To do:
Up to and including the line holding "A glass jar", write out the data exactly from its first line, but not the pictures.

Data section:
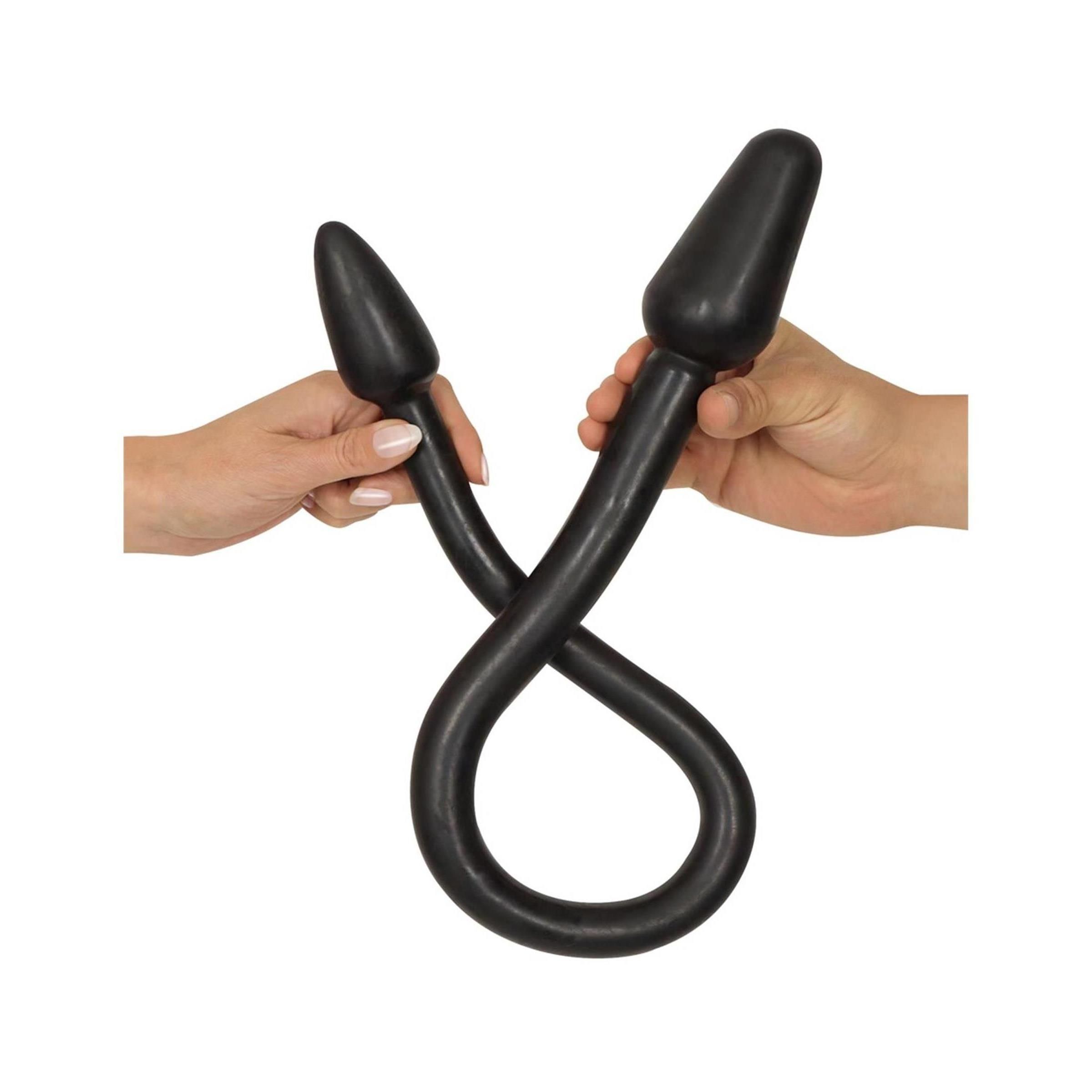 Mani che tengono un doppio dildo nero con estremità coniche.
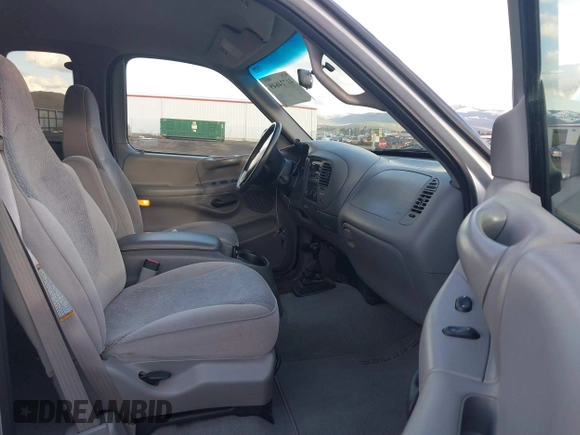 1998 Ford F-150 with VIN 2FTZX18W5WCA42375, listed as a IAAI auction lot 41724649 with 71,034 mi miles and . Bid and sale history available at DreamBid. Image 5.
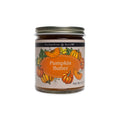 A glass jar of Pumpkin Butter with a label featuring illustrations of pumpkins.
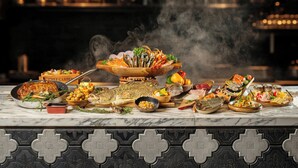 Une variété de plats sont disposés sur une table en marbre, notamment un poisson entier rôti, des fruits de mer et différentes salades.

Response:
 Mani che tengono un doppio dildo nero con estremità coniche.
 1998 Ford F-150 with VIN 2FTZX18W5WCA42375, listed as a IAAI auction lot 41724649 with 71,034 mi miles and . Bid and sale history available at DreamBid. Image 5.
 A glass jar of Pumpkin Butter with a label featuring illustrations of pumpkins.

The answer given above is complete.